Ramesh has characterized my position pretty well–though I might have used somewhat different words myself. And he’s certainly right that no one in the spectrum of conservatism represented here is simply against “judicial review” in toto. I should know since I probably come closest–or maybe Mark Levin wants to compete for the title.

Anyway, George Will should get out more. Here in his hometown this morning, I attended a panel of the Claremont Institute, at the APSA meeting, at which a variety of conservatives took a variety of views on constitutional issues, none of them as weak as the straw man arguments Will employed in his column this morning.

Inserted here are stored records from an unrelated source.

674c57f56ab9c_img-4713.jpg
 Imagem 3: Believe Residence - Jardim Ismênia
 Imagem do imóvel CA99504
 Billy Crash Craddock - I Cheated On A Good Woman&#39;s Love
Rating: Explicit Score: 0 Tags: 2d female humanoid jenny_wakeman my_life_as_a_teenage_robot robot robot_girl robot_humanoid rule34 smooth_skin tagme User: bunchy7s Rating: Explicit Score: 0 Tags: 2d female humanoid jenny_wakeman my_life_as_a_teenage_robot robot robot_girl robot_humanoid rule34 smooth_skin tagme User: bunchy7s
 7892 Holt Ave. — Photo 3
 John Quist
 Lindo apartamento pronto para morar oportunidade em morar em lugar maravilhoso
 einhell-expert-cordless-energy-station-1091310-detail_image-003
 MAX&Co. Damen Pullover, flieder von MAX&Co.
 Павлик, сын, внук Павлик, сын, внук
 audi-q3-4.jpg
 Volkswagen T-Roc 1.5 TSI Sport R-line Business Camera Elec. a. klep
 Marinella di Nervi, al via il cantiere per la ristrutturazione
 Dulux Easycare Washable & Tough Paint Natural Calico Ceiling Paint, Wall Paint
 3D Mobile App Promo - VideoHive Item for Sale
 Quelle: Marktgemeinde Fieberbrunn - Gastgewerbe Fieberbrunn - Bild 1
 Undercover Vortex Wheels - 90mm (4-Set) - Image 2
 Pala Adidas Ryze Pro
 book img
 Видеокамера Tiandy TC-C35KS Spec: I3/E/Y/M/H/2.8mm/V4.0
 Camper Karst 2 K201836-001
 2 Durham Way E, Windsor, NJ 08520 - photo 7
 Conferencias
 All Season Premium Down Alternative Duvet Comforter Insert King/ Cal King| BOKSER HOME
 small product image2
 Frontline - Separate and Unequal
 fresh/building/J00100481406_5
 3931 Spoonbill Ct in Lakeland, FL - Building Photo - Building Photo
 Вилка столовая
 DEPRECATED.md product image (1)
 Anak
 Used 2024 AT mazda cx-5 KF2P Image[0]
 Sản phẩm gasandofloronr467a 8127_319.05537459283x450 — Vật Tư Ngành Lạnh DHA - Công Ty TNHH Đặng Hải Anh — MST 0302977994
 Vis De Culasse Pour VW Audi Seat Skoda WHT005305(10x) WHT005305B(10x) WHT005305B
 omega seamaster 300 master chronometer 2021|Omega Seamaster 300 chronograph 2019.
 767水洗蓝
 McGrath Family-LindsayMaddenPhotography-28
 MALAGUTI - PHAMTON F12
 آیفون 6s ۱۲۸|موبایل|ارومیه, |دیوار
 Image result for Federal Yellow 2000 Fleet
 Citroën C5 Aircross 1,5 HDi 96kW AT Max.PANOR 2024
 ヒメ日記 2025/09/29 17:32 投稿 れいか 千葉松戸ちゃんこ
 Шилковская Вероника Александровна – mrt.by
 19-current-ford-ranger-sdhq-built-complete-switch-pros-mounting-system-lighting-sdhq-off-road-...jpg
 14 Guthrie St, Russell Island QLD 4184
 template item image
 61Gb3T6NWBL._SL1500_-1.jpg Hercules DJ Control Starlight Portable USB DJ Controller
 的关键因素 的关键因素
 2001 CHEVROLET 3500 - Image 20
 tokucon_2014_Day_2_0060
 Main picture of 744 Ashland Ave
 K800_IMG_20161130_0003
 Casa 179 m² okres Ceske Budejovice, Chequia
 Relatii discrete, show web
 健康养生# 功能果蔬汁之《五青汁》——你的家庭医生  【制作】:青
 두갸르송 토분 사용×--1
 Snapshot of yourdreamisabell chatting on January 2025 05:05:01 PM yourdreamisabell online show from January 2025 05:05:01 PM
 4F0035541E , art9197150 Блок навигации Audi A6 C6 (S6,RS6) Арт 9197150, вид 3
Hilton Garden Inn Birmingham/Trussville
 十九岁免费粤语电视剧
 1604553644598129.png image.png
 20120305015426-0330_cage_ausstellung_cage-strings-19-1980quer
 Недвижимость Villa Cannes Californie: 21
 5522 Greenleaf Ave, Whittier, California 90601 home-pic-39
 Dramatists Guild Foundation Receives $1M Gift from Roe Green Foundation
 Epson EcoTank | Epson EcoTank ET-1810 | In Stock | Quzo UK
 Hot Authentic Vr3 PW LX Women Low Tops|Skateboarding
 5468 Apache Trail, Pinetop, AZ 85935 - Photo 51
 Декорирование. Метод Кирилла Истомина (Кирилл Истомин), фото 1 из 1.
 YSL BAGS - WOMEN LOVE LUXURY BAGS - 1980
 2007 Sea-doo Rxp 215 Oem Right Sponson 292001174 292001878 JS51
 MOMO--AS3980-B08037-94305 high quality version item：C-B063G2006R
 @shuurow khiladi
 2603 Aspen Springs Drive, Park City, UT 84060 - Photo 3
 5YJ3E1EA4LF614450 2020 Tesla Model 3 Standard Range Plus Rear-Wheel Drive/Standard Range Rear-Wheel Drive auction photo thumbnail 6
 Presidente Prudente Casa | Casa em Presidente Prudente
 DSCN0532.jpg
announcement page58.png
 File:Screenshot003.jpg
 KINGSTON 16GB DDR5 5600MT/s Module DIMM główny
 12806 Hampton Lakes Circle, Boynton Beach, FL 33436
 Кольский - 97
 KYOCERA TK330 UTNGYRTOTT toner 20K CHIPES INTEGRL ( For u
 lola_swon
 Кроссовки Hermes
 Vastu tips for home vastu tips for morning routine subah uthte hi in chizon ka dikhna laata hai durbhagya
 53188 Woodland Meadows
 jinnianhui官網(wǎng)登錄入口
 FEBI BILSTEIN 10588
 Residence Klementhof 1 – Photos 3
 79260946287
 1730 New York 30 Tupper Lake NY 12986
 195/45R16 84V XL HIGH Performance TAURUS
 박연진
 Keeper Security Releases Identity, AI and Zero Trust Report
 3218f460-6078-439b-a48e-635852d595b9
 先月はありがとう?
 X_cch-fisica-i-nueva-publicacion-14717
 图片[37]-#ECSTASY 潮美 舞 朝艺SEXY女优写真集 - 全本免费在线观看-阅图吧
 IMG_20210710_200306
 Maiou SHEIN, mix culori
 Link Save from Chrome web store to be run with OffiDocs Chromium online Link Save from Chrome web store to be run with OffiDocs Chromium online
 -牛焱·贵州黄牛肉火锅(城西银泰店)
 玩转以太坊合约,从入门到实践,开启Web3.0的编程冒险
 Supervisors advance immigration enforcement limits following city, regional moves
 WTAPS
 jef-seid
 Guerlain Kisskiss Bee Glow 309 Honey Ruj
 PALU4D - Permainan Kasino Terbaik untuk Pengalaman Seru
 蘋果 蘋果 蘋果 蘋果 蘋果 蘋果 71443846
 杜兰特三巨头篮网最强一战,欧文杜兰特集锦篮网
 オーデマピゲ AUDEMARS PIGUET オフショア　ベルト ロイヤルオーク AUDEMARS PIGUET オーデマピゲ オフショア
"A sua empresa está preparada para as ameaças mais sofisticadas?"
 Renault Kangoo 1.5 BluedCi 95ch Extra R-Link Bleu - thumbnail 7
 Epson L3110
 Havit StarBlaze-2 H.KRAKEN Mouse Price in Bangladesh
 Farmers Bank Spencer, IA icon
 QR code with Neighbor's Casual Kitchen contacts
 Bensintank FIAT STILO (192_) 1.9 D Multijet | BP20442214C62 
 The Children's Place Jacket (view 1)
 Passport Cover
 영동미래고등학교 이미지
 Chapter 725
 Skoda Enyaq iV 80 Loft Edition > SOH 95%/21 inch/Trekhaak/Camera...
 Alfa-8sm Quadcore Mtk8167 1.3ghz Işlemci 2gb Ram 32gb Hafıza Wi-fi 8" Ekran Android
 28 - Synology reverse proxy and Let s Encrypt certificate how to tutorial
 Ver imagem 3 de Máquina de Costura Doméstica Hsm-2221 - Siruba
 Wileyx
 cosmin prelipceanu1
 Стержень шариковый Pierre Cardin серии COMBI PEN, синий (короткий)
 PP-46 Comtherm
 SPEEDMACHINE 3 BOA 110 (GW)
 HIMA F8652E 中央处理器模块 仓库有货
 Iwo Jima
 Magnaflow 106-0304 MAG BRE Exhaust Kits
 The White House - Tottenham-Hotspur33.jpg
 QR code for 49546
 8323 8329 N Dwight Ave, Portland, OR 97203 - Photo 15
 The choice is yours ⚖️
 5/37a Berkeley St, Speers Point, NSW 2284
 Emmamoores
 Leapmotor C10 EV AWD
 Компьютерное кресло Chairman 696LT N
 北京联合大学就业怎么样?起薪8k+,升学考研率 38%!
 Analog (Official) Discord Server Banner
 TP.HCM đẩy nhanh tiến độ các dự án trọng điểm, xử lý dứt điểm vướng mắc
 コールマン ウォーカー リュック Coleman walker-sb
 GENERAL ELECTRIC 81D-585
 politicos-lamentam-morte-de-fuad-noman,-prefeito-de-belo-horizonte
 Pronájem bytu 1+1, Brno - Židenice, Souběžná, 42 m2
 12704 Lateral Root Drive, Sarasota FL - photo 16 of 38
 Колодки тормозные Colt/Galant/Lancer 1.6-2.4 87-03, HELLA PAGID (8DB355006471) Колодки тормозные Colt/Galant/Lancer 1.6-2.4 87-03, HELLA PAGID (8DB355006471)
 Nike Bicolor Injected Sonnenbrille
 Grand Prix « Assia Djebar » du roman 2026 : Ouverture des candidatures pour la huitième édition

The panel was titled “A Justice Thomas Court?” Fittingly, there was much praise for Thomas’s jurisprudence–from Phillip Muñoz of North Carolina State for his opinion on religion under the First Amendment, from Jeremy Rabkin of Cornell for his dim view of the use of foreign legal sources in our constitutional law, and from commentators Paul Mirengoff of Power Line and Michael Uhlmann of Claremont remarking on the papers of Muñoz and Rabkin. The succeeding discussion, including audience members, revealed differences in the room regarding Thomas’s jurisprudence, regarding Justice Scalia’s by comparison, and regarding the proper relation of the Court in general to other institutions. An enlightening time was had by all. I wish George Will had been there. More, I wish he’d been there before he’d written his column for today. He’d have written a better one.

Matthew J. Franck — Matthew J. Franck is the Director of the William E. and Carol G. Simon Center on Religion and the Constitution at the Witherspoon Institute in Princeton, New Jersey.